There was not so much annoyance from wire-cutting as during the first campaign, but, nevertheless, the wire was cut 50 times, and about 57 miles stolen.

On the retirement from Kabul, the wire was rolled up, and all the material brought back to India, and there is now no telegraph office beyond Peshawur.

We now come to the general consideration of the construction and working of a field telegraph, based upon the experience gained in the operations just briefly described.

Mr. Preece, in a lecture delivered at Chatham some years ago, on military telegraphs, divided them into four classes, viz.:—

(1.) The Permanent Line.

(2.) „ Semi-permanent Line.

(3.) „ Flying Line.

(4.) Visual Signalling.

(1.) The Permanent Line he defined to be a continuation of the commercial system of the country in which the operations are taking place ; or of the establishment of a similar system in the event of there being none, or of the original one being totally destroyed.

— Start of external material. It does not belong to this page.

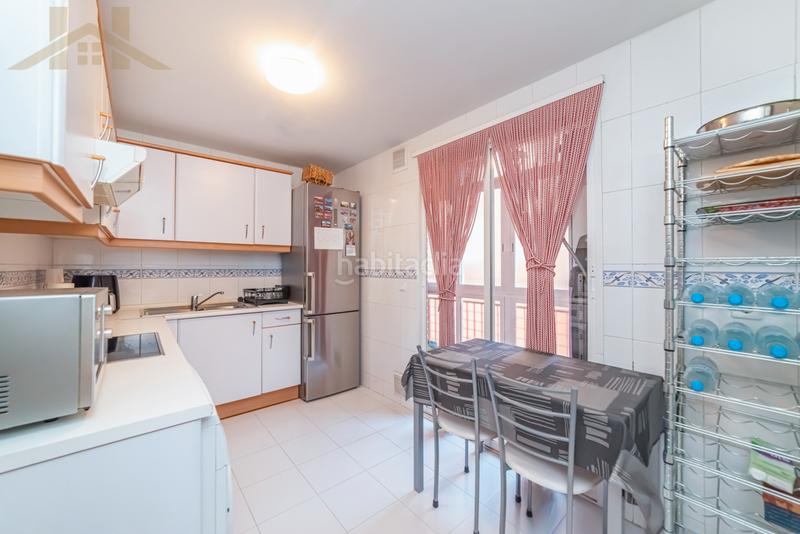 Foto bb16fabd-0204-40e6-9a8e-78ada0443a65. Appartamento in avenida de los sauces 44 in Parque Coimbra Móstoles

(2.) The Semi-permanent line he defined to be that line which maintains headquarters in its advance in communication with the permanent line ; and

(3.) The Flying Line to be the telegraph connecting headquarters with its divisions.

Owing to the great perfection to which visual signalling has been brought of late, the necessity for the Flying Line in a hilly country like Afghanistan, where the sun is rarely obscured for many days together, no longer exists. By means of the heliograph, direct communication can be kept up between points 40 or more miles apart, and messages sent at the rate of from six to eight words per minute. In an enemy's country the heliograph has enormous advantages over the electric telegraph. It cannot be cut and destroyed like the wire ; it can accompany the army, no matter how rapidly it advances; it is easily carried, and can be set working in five minutes ; it can be protected and worked even whilst a battle is going on all round.

Its great disadvantage, viz., that it can be read by enemies as well as friends, made no difference in Afghanistan, as its flashes conveyed nothing to the minds of the Afghans, and only excited their wonder and astonishment.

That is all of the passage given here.